Opmerkelijk is, dat , , die Nederduitse Gereformeerde Kerke in Suid-Afrika" met grote zorg vervuld zijn over wat er in de Gereformeerde Kerken in Nederland gebeurt. In „die Kerkbode" van 4 maart wordt in een artikel het boekje van Prof. Augustijn besproken in afkeurende zin. Het artikel wordt besloten met de volgende vermaning: „Saam met die profeet (Eseg. 33 : 11) wil ons die professor c.s. dan toeroep: „Bekeer julle, bekeer julle van julle verkeerde weë! Waarom tog wil julle sterwe', o. Gereformeerde Kerken van Nederland? " In diezelfde geest sprak ook Dr. J. S. Gericke, praeses van „die Nederduitse Gereformeerde Kerke in Suid-Afrika". In Kerknieuws, weekblad onder redaktie van de heren Scheps, stonden enkele antwoorden van hem, die hij gegeven had in een interview. Op de vraag: Zou men kunnen zeggen, dat u verontrust bent over wat er in Nederland gebeurt? antwoordde hij: Het woord verontrusting is misschien te sterk, maar er zijn zeker tendenzen die onze bezorgdheid opwekken. Wij denken bijvoorbeeld aan de theologische opvattingen, die er aan de Vrije Universiteit worden verkondigd. Ook zien wij met vrees dat het horizontalisme sterk toeneemt.

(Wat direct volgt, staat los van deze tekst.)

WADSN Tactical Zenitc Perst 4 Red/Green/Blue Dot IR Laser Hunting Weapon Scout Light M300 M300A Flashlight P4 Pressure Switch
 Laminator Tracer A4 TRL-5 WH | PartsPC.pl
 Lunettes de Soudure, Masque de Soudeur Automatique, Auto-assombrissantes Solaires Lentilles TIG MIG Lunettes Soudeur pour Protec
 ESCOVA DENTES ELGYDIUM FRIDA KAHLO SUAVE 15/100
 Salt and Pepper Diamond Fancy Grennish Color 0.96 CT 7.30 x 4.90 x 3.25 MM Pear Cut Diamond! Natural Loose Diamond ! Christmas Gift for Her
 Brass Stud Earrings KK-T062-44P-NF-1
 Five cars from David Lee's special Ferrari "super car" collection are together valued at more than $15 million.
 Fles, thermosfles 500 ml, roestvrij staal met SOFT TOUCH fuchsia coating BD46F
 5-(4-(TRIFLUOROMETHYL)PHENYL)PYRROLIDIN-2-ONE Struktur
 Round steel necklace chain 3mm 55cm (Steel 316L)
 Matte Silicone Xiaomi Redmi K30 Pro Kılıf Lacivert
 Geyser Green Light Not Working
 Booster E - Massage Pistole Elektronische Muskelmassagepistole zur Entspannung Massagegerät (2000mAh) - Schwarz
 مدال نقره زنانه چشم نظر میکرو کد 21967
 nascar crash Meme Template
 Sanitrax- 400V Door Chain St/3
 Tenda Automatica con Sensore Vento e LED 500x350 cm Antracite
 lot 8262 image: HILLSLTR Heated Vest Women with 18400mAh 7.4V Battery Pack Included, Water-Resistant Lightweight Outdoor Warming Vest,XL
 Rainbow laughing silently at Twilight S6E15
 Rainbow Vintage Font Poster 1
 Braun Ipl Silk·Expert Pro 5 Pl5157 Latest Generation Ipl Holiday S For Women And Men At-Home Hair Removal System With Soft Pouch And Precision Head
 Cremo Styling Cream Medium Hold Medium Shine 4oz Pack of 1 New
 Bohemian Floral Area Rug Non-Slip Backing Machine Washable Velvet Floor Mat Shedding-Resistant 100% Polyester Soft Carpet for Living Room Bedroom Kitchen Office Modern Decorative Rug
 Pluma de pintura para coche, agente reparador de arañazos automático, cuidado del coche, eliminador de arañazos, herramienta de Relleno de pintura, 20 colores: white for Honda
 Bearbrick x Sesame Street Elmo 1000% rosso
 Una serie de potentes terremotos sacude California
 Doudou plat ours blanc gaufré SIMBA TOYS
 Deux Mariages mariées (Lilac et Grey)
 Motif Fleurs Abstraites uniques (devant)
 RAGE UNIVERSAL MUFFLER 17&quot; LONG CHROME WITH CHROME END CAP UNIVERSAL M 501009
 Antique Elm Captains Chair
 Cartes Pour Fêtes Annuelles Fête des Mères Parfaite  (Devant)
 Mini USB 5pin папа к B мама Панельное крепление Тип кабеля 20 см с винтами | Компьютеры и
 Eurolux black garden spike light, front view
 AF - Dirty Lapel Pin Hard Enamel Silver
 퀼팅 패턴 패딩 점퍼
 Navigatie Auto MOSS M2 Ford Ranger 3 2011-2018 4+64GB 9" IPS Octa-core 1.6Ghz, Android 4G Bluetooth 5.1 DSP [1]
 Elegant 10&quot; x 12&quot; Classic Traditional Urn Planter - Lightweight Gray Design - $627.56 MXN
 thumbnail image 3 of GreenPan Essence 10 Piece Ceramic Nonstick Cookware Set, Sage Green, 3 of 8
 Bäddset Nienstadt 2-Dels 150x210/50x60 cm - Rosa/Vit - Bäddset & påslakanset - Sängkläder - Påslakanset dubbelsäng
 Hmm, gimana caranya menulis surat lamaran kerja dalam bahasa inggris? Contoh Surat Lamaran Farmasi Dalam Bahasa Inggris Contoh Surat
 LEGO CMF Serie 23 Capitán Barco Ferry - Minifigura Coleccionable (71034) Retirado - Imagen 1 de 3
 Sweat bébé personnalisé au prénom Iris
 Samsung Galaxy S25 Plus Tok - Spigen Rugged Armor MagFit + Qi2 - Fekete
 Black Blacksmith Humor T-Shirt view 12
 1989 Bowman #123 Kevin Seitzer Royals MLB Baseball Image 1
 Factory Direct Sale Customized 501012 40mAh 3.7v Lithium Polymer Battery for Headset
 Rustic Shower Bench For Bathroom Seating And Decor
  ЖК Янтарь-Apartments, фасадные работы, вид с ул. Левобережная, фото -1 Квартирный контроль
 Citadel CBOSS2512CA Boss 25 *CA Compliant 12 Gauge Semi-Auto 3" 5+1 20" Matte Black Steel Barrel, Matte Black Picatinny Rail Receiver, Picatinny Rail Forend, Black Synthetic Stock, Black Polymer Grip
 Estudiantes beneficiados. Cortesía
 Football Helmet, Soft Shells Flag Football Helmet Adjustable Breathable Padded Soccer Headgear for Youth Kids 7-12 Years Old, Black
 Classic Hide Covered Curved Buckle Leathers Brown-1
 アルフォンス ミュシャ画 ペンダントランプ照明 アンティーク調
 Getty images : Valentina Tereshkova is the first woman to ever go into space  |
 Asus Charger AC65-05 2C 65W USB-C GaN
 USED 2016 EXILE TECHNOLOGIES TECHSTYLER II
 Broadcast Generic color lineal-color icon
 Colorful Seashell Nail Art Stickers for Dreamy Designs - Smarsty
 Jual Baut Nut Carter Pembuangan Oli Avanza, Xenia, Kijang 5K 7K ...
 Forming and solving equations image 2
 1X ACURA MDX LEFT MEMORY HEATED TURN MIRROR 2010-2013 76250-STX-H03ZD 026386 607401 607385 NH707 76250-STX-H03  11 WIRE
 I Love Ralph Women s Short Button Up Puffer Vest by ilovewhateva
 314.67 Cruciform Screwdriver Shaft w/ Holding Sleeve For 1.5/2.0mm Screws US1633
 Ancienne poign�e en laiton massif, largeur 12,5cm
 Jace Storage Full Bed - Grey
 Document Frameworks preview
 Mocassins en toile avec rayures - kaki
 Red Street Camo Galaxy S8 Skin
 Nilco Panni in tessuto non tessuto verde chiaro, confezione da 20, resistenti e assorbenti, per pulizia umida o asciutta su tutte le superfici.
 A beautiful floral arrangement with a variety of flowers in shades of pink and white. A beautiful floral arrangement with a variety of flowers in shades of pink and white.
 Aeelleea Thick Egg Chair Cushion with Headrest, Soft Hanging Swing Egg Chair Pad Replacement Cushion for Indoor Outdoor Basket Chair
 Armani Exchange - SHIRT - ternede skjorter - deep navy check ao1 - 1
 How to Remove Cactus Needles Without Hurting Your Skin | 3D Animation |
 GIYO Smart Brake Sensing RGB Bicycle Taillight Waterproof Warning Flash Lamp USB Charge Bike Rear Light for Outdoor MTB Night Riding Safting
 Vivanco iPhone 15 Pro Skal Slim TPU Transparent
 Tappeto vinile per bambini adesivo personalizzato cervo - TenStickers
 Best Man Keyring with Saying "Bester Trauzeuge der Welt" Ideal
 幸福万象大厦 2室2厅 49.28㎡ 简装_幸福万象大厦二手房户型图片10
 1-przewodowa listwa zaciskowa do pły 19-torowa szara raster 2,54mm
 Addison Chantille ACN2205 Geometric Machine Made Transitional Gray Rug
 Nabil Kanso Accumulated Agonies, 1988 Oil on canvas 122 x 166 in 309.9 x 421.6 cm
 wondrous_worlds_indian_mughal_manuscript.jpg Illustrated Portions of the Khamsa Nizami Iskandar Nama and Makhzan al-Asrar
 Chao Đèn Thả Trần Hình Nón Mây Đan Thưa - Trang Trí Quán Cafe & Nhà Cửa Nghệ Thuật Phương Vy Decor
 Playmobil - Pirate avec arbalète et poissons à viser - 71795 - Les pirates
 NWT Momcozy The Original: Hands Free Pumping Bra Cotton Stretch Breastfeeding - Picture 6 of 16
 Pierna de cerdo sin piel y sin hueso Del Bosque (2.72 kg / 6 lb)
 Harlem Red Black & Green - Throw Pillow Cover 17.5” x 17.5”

Dr. J. D. Vorster, die ook geïnterviewd werd, sprak: Wij zijn bekommerd over uw land. Wij hebben al eens een student uit de bediening moeten weren, omdat hij standpunten had voorgedragen, die hij uit Nederland had gekregen. De theologie in Nederland moet toch altijd zo zuiver blijven, dat wij onze studenten zonder enige zorg daarheen moeten kunnen blijven zenden om er te studeren.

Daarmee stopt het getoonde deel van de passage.